- TASK PROMPT -
Retype the data below exactly, skipping pictures.

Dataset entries
────────────────────
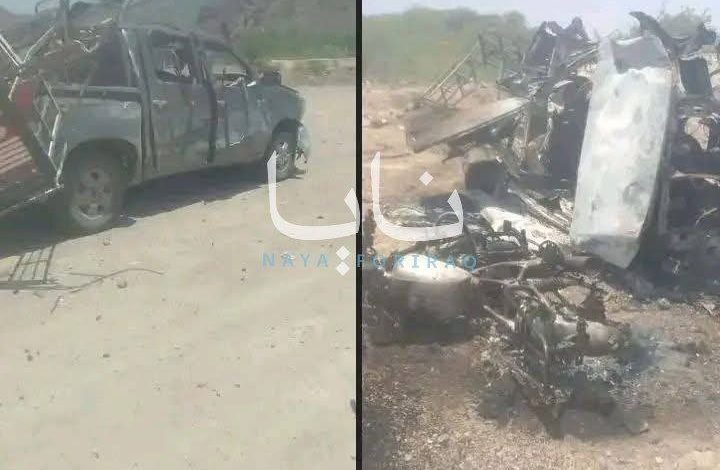 Ensarullah, Taiz’de Suudi paralı askerlerin konvoyunu hedef aldı
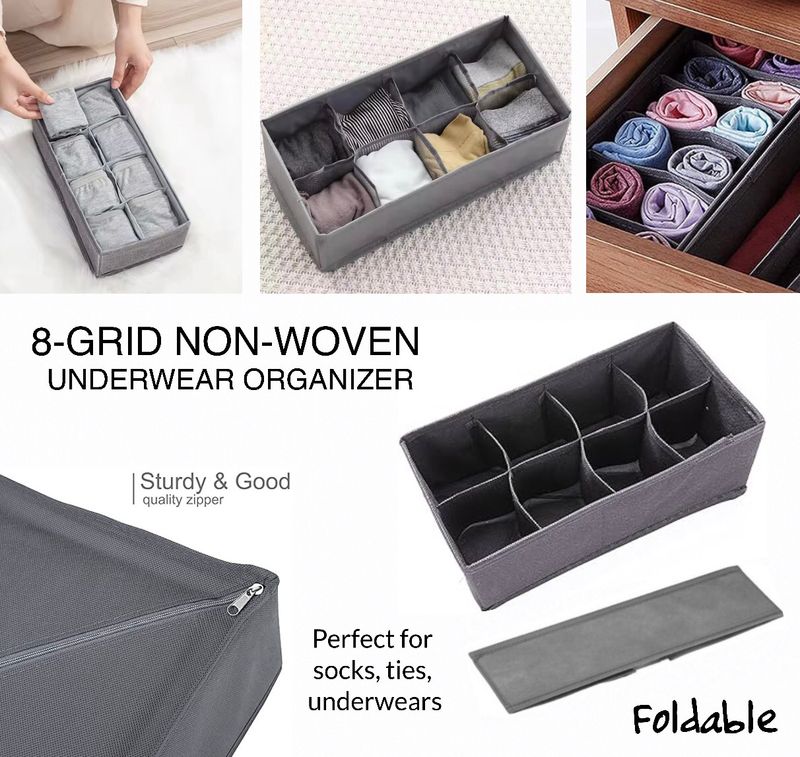 8-Grid Organizer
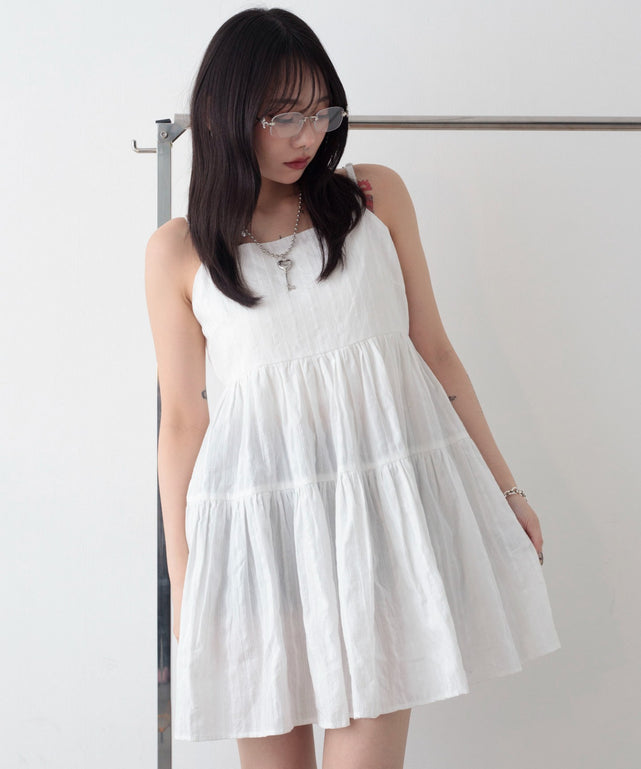 ホワイト　モデル：159cm F着用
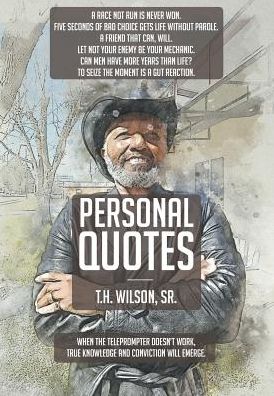 Cover for Sr T H Wilson · Personal Quotes (Hardcover Book) (2019)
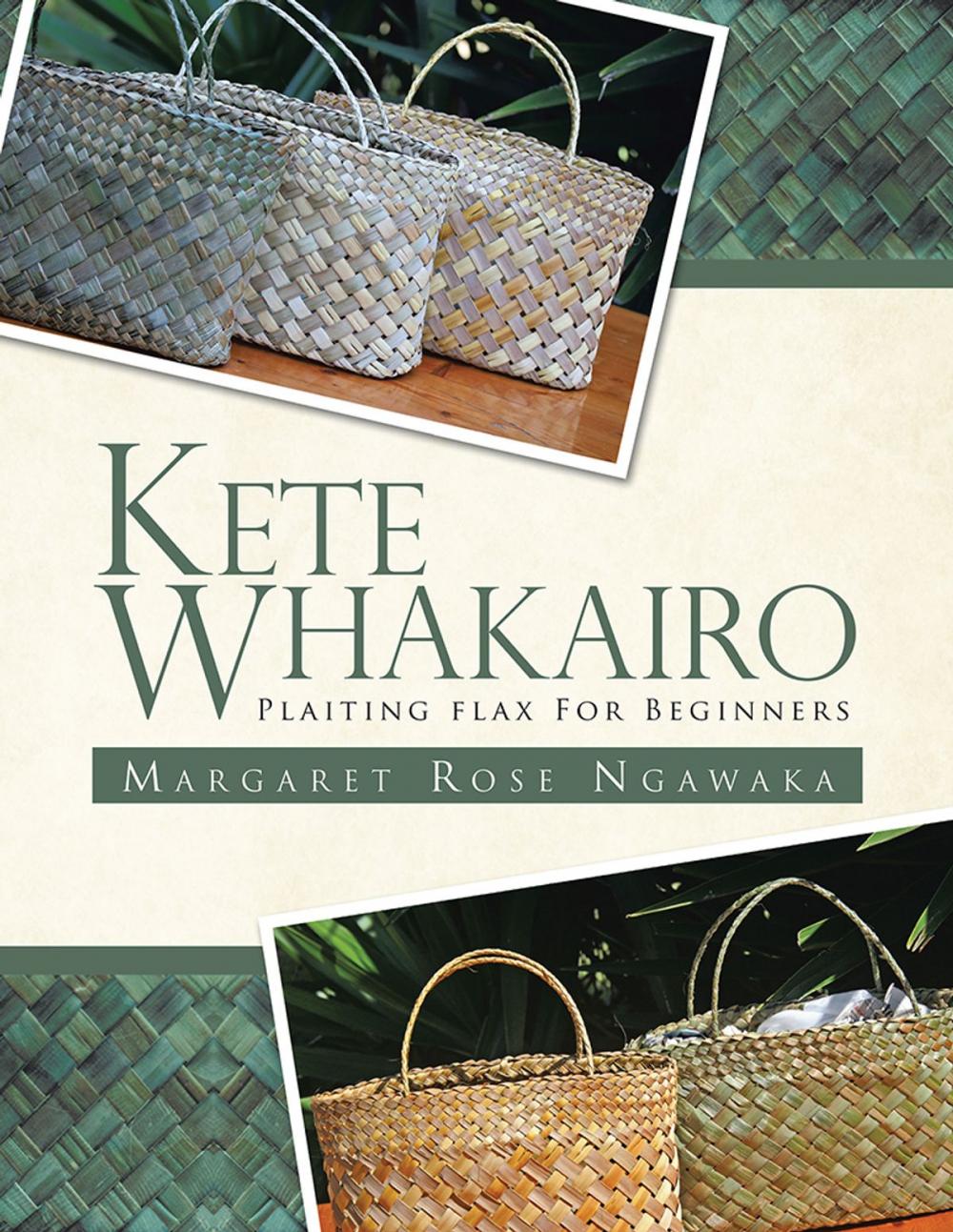 Big bigCover of Kete Whakairo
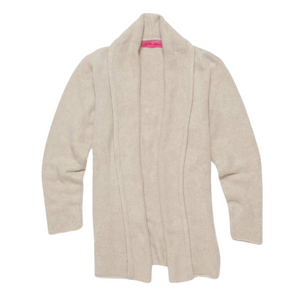 The Elder Statesman Italy Smoking Jacket in White, Size Small The Elder Statesman Italy Smoking Jacket in White, Size Small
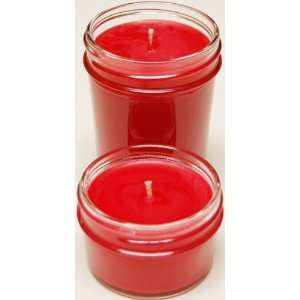   4oz & 2 8oz Jelly Jar Candles   Dragons Blood 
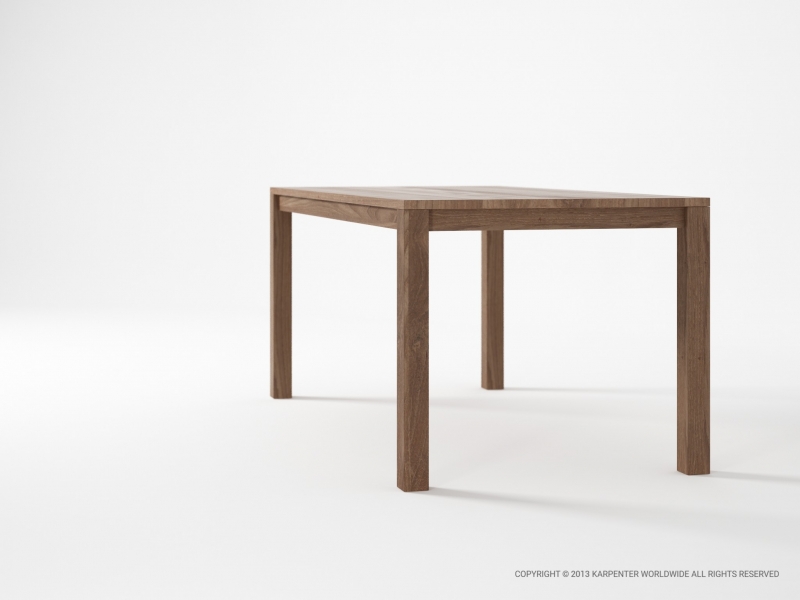 549_1110 Стол обеденный прямоугольный 180 Karpenter Solid - Вид №3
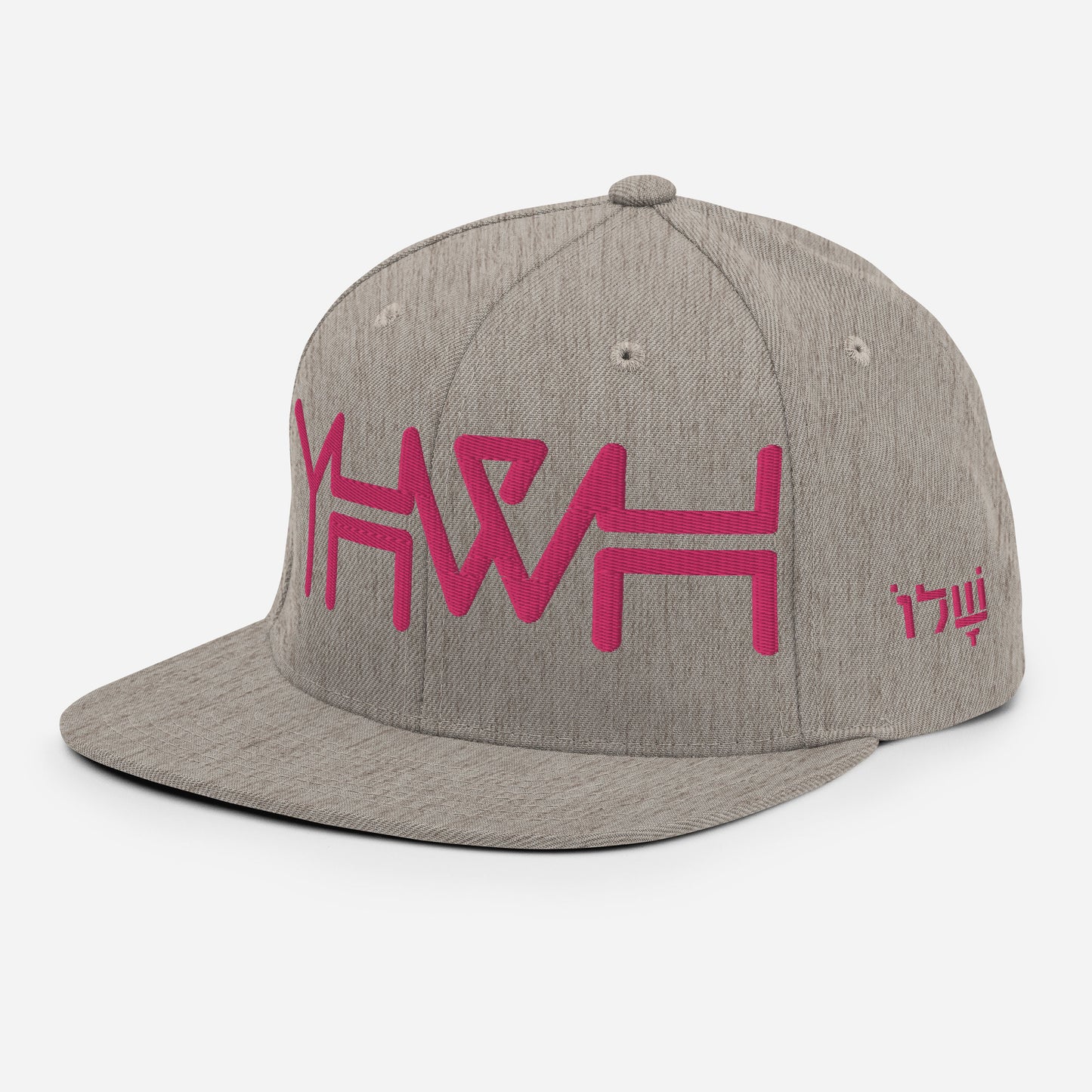 YHWH - Snapback - Pink Crown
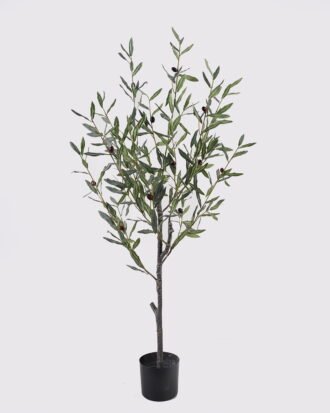 Artificial Tree 30*30*140cm Olive Tree in PP po GS-46725034 2025JUL YeahFlower is one of Chinese leading OEM manufacturers and exporters , supplying the silk flowers, wholesale artificial trees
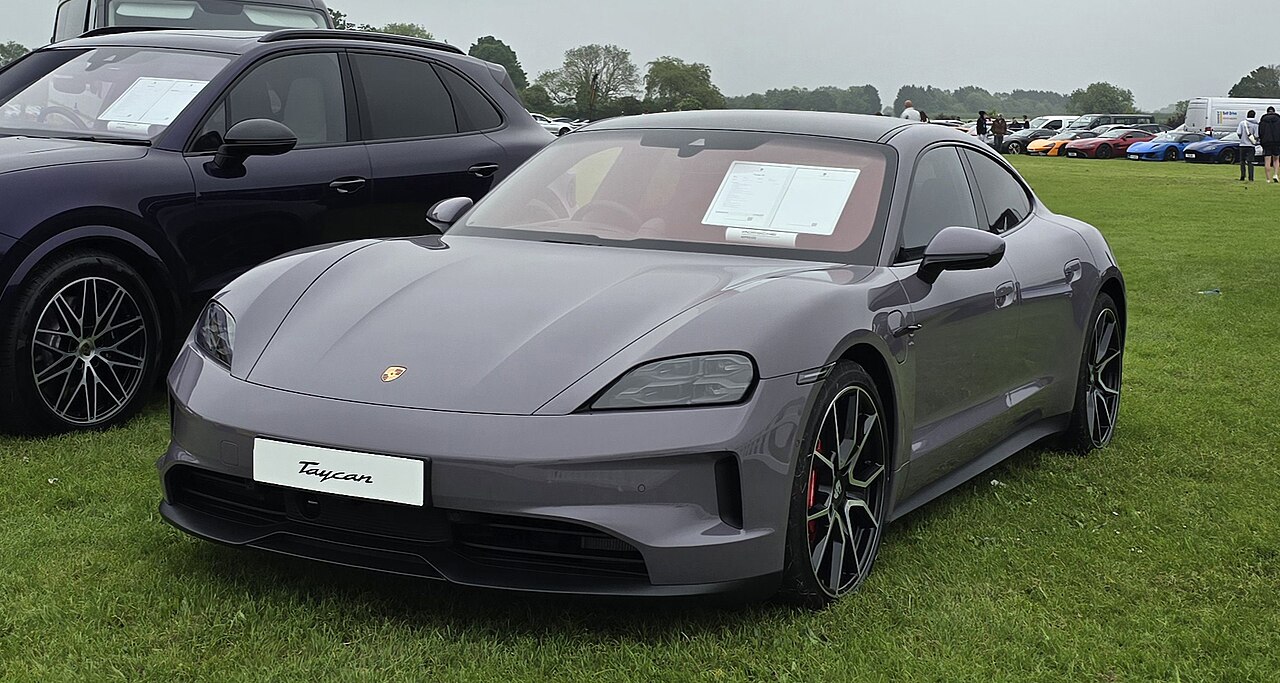 Porsche Taycan
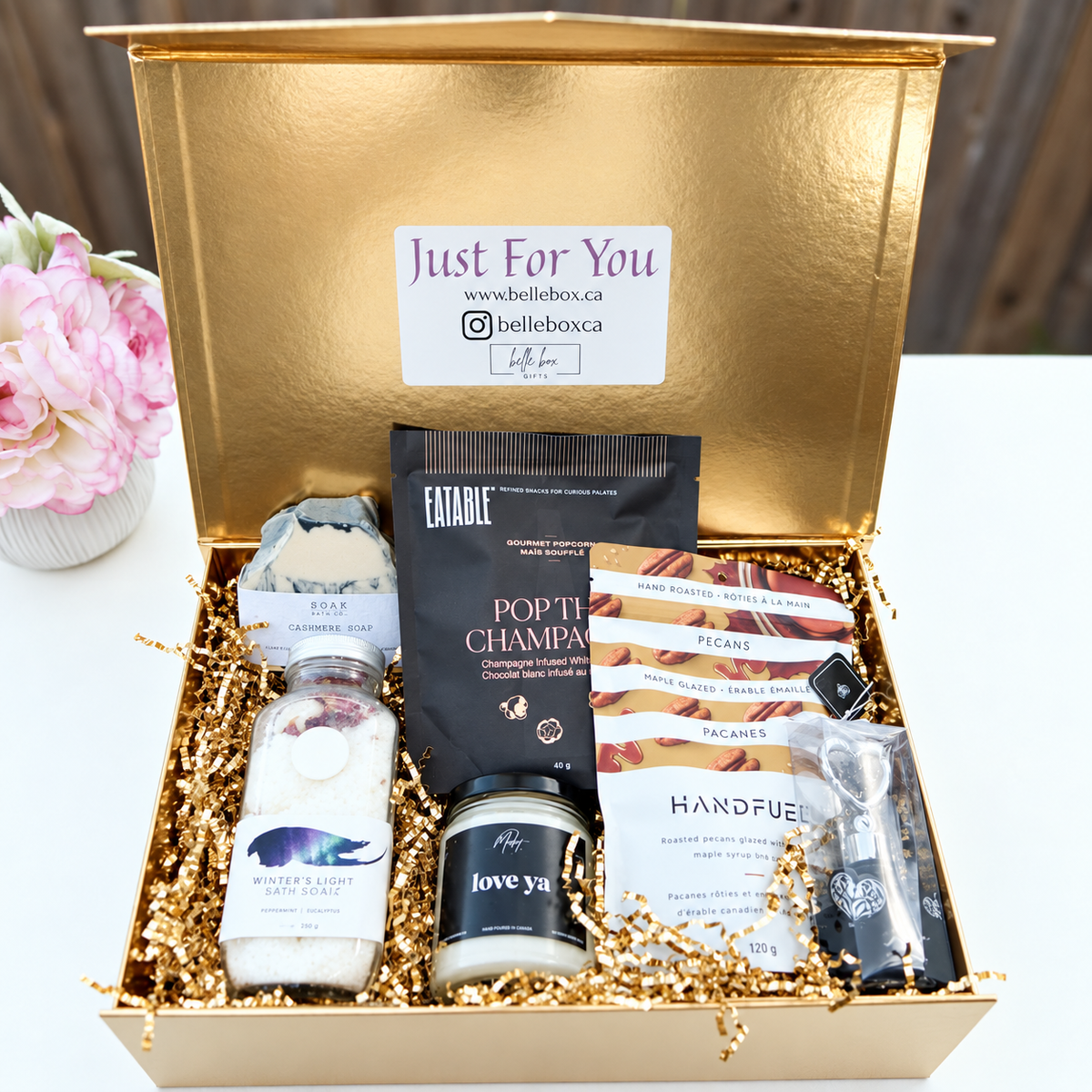 Happy Anniversary - Luxury Box Builder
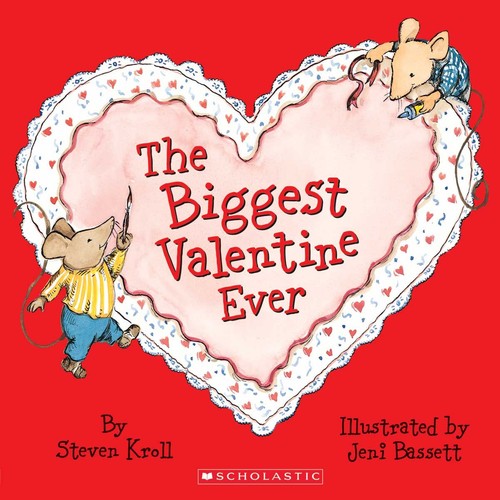 The biggest valentine ever - biggest,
────────────────────
- ANSWER -
 Ensarullah, Taiz’de Suudi paralı askerlerin konvoyunu hedef aldı
 8-Grid Organizer
 ホワイト　モデル：159cm F着用
 Cover for Sr T H Wilson · Personal Quotes (Hardcover Book) (2019)
 Big bigCover of Kete Whakairo
 The Elder Statesman Italy Smoking Jacket in White, Size Small The Elder Statesman Italy Smoking Jacket in White, Size Small
   4oz & 2 8oz Jelly Jar Candles   Dragons Blood 
 549_1110 Стол обеденный прямоугольный 180 Karpenter Solid - Вид №3
 YHWH - Snapback - Pink Crown
 Artificial Tree 30*30*140cm Olive Tree in PP po GS-46725034 2025JUL YeahFlower is one of Chinese leading OEM manufacturers and exporters , supplying the silk flowers, wholesale artificial trees
 Porsche Taycan
 Happy Anniversary - Luxury Box Builder
 The biggest valentine ever - biggest,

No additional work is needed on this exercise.